**Data section**
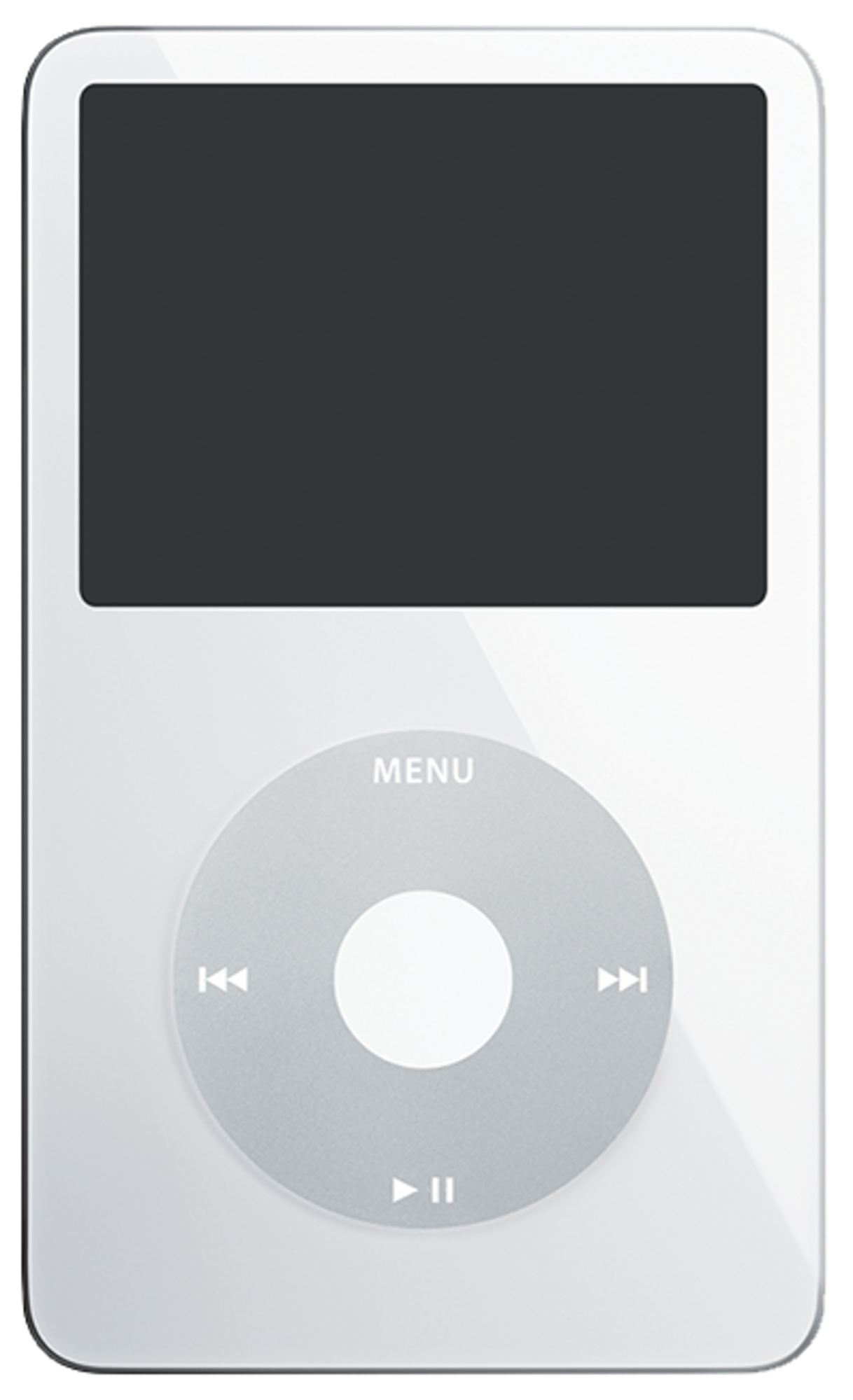 Apple iPod Classic 30GB White – Apple, Tech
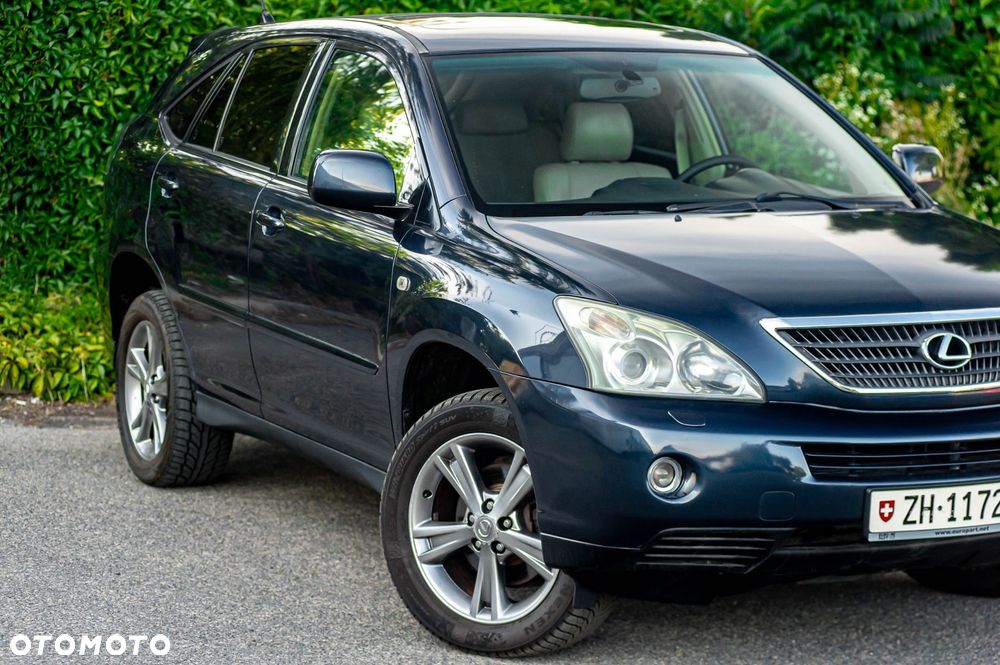 Lexus RX 400h (hybrid) Luxury - 4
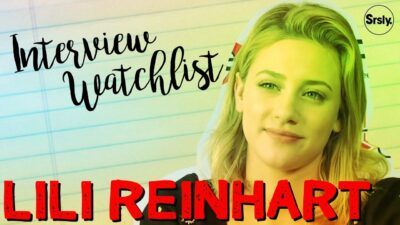 Lili Reinhart (Riverdale) : la watchlist parfaite de Betty Cooper (exclu)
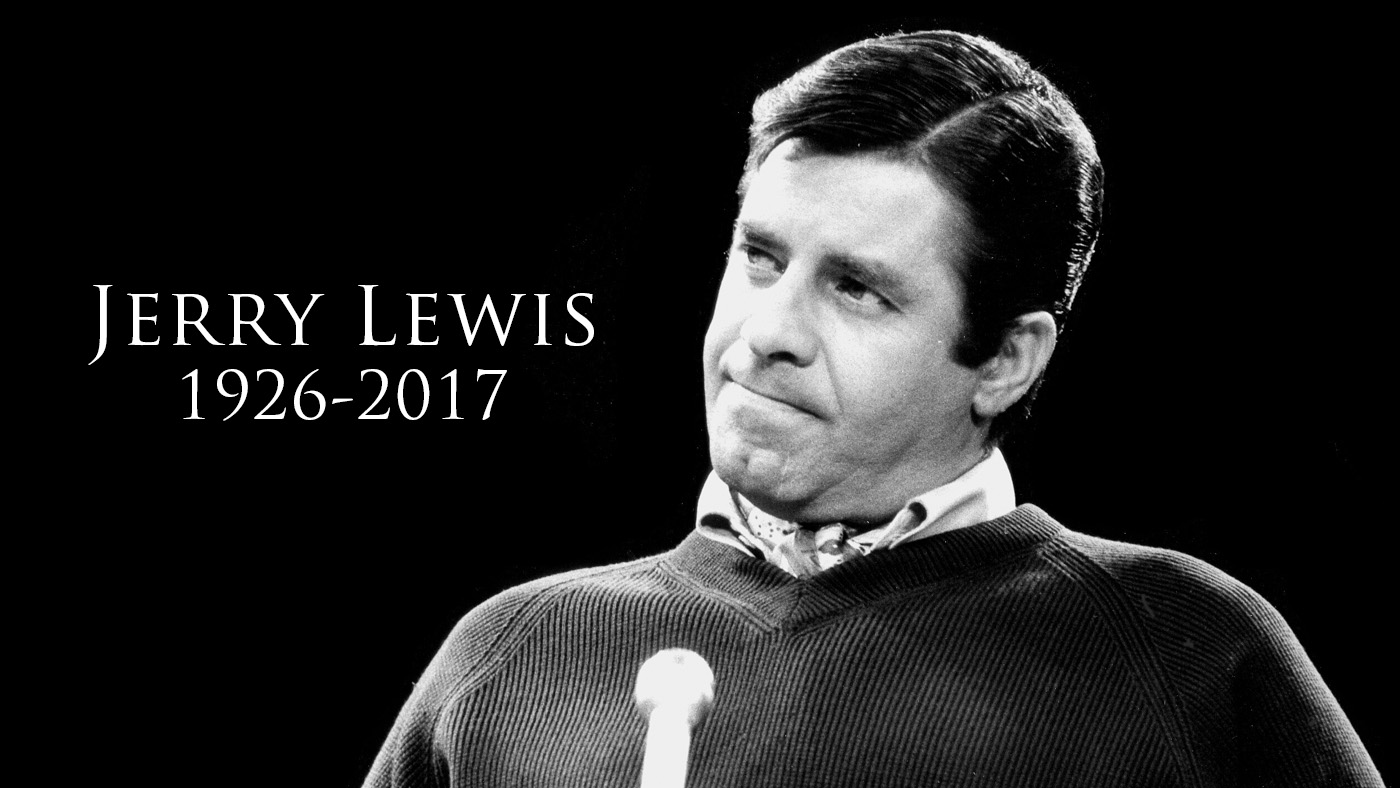 Remembering - Jerry Lewis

**Action item**
Only the pictures are to be left out; all other material is to be output exactly.

**Answer to this task**
 Apple iPod Classic 30GB White – Apple, Tech
 Lexus RX 400h (hybrid) Luxury - 4
 Lili Reinhart (Riverdale) : la watchlist parfaite de Betty Cooper (exclu)
 Remembering - Jerry Lewis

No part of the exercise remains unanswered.